PROVIDED DATA:

---+---

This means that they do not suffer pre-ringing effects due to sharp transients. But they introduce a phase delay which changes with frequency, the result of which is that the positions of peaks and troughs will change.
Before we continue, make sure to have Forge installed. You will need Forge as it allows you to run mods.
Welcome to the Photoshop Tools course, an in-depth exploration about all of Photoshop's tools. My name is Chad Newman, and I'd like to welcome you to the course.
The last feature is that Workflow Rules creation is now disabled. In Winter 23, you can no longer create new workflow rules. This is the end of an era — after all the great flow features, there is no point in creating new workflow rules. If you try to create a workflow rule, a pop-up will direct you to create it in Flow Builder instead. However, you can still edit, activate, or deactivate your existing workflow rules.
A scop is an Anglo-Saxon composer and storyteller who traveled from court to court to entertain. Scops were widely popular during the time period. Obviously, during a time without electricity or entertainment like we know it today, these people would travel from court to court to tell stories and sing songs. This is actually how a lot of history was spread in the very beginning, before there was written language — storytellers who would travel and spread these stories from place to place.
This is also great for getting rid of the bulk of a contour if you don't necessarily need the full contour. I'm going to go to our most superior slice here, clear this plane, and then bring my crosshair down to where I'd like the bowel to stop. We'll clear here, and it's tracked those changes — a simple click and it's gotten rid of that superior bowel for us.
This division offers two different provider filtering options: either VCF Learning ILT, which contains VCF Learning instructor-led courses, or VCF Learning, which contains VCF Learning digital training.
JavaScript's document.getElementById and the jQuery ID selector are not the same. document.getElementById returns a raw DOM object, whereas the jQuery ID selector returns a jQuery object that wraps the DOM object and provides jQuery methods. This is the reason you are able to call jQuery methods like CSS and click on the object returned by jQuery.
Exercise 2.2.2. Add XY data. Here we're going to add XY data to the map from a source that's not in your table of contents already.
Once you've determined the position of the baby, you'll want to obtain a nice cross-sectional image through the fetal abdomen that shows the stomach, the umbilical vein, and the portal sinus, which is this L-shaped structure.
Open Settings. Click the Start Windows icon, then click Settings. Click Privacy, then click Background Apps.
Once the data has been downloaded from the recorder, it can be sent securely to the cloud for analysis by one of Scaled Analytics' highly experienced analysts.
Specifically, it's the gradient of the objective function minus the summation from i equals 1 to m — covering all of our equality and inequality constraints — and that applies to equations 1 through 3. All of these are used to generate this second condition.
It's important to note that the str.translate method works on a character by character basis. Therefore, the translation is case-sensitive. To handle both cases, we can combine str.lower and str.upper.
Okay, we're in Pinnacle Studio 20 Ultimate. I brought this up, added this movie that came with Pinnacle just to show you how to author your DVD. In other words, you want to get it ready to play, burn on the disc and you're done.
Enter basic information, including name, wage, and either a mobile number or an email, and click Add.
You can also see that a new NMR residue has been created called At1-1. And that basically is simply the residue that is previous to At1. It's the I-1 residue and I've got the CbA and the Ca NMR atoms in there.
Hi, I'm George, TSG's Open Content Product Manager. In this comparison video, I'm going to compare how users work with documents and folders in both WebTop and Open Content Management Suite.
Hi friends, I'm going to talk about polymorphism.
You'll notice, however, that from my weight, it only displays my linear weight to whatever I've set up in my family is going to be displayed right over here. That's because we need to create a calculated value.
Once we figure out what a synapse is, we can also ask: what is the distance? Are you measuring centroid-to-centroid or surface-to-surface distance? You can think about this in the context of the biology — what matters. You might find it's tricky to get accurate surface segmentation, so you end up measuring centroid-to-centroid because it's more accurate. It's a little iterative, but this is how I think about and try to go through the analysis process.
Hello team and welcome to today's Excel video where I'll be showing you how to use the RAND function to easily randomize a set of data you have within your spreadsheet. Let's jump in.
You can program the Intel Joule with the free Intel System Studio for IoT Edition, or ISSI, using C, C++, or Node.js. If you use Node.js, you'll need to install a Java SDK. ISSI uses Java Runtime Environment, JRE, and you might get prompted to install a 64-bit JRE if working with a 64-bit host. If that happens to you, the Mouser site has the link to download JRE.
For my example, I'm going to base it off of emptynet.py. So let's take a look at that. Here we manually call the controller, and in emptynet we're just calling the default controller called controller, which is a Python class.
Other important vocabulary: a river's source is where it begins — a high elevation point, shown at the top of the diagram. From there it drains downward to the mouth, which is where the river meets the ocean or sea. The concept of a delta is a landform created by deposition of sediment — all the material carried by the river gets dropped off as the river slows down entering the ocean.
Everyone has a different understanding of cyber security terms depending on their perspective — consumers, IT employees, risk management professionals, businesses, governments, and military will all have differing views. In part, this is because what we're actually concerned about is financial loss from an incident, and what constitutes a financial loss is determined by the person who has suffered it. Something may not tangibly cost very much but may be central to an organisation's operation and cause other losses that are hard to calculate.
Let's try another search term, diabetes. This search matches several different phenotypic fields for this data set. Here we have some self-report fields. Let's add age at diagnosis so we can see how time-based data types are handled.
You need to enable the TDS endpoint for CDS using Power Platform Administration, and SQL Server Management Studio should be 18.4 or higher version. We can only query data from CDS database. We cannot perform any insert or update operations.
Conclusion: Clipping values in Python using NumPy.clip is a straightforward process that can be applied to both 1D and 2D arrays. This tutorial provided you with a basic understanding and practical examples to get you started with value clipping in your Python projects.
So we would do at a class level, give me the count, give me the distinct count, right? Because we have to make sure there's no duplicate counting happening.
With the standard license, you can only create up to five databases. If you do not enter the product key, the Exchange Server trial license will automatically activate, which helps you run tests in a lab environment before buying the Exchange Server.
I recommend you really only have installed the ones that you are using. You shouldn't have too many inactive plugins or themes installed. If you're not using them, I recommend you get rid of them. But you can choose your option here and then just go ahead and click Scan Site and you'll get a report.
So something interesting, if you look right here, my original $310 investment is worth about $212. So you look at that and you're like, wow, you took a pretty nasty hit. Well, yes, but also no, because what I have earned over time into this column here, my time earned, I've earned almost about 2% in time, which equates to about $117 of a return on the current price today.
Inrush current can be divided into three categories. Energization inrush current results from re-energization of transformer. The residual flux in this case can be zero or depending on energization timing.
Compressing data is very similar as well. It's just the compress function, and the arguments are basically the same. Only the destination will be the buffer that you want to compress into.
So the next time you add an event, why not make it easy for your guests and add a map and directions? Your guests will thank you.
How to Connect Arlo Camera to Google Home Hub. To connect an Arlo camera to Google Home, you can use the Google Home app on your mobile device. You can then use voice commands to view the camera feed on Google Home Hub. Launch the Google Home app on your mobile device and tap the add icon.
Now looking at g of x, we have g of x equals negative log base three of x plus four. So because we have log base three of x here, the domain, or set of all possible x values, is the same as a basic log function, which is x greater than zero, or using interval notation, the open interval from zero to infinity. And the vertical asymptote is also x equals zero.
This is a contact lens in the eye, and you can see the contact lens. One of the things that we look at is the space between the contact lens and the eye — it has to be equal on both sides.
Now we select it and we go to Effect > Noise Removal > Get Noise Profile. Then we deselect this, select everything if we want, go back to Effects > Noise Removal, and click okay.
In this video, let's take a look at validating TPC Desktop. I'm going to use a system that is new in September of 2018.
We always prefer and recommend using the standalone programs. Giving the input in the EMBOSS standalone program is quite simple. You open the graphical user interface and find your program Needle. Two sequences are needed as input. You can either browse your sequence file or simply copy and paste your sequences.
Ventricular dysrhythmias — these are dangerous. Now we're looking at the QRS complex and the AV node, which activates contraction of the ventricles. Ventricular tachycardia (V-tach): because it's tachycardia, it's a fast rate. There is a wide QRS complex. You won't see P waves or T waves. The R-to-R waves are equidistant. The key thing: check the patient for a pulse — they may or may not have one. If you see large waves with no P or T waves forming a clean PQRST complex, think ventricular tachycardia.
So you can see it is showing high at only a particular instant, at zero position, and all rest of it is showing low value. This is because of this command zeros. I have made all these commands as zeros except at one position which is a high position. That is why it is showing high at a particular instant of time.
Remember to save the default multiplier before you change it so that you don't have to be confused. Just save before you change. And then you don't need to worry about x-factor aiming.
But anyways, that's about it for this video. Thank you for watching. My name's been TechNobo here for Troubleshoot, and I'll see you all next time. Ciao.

---+---

TASK OBJECTIVE: Your task is to retype the entries verbatim, starting with the line that holds "You'll notice, however, that" and stopping after the line that holds "Other important vocabulary: a".

ANSWER FOR THE TASK:
You'll notice, however, that from my weight, it only displays my linear weight to whatever I've set up in my family is going to be displayed right over here. That's because we need to create a calculated value.
Once we figure out what a synapse is, we can also ask: what is the distance? Are you measuring centroid-to-centroid or surface-to-surface distance? You can think about this in the context of the biology — what matters. You might find it's tricky to get accurate surface segmentation, so you end up measuring centroid-to-centroid because it's more accurate. It's a little iterative, but this is how I think about and try to go through the analysis process.
Hello team and welcome to today's Excel video where I'll be showing you how to use the RAND function to easily randomize a set of data you have within your spreadsheet. Let's jump in.
You can program the Intel Joule with the free Intel System Studio for IoT Edition, or ISSI, using C, C++, or Node.js. If you use Node.js, you'll need to install a Java SDK. ISSI uses Java Runtime Environment, JRE, and you might get prompted to install a 64-bit JRE if working with a 64-bit host. If that happens to you, the Mouser site has the link to download JRE.
For my example, I'm going to base it off of emptynet.py. So let's take a look at that. Here we manually call the controller, and in emptynet we're just calling the default controller called controller, which is a Python class.
Other important vocabulary: a river's source is where it begins — a high elevation point, shown at the top of the diagram. From there it drains downward to the mouth, which is where the river meets the ocean or sea. The concept of a delta is a landform created by deposition of sediment — all the material carried by the river gets dropped off as the river slows down entering the ocean.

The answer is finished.